The 2020 NFL draft was heavier at certain offensive positions (such as wide receiver and offensive tackle) and lighter at others (tight end and interior offensive line come to mind). That unbalance is reflected in our projection for the best rookies on that side of the ball.
How the quarterback crop shapes up of course will be fascinating, with three going in the top six overall selections.
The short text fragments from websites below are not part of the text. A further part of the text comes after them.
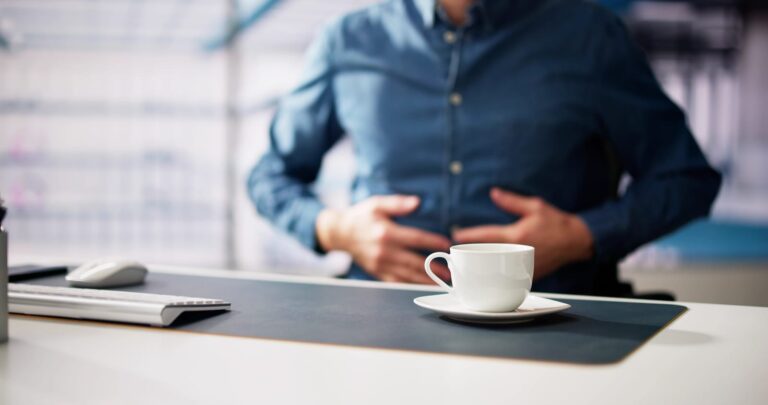 A man in a blue denim shirt at an office desk holding his stomach in discomfort, with a white coffee cup on a saucer in the foreground.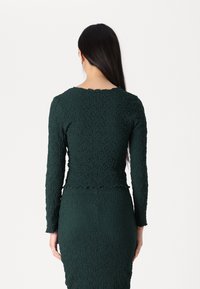 Long-sleeve, dark green top with a textured fabric. Features a scalloped neckline and hem, fitted design, and matching skirt.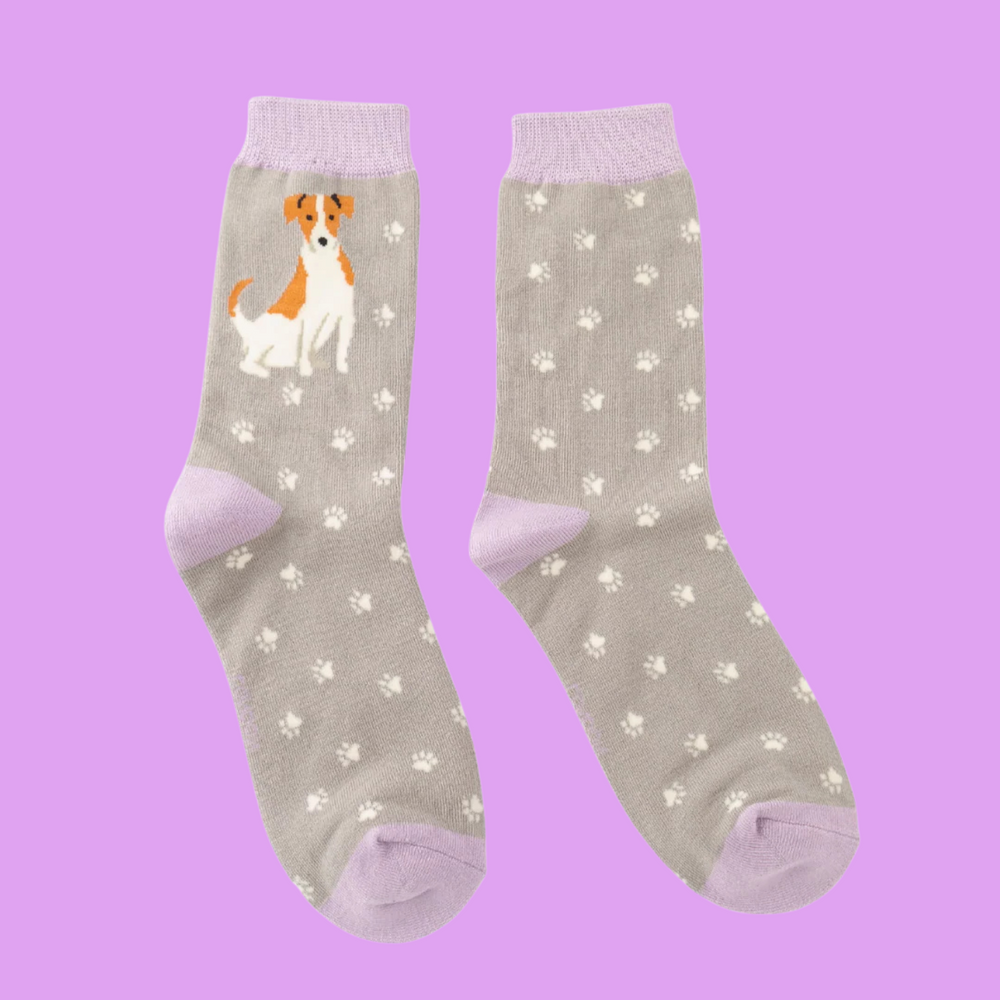 
                      
                        A pair of socks featuring a cute jack russell. Grey legs, pink heel, toe and cuff.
Joe Burrow, Tua Tagovailoa and Justin Herbert are the class’ clear centerpieces, and how they fare as rookies will be a story we track all season long.
Even with all the receivers and tackles drafted high this spring, we had to whittle down our list for the ones we think might be the best first-year contributors — and we didn’t go with all the higher picks.
Consider this list something of a primer for an all-rookie team, with 10 offensive rookies who will be big Year 1 contributors:
Bengals QB Joe Burrow (Round 1, 1st overall)
With Tagovailoa and Herbert likely to take some time to earn starting roles in Miami and Los Angeles, respectively, there’s one clear-cut choice this year at quarterback.
Bengals fans were retrofitting and recycling their old Carson Palmer No. 9 jerseys as early as last November with the hopes that the eventual Heisman Trophy winner would land in Cincinnati. Now that the dream has come true, there’s no stopping Burrow from winning the Week 1 starting gig.
And even when Burrow has made mistakes in camp, he has impressed veterans with his accuracy, poise and rare veteran-like presence for a rookie. The Bengals were bad in almost every regard last season, but it’s hard not to picture him adding a clear upgrade at quarterback right away.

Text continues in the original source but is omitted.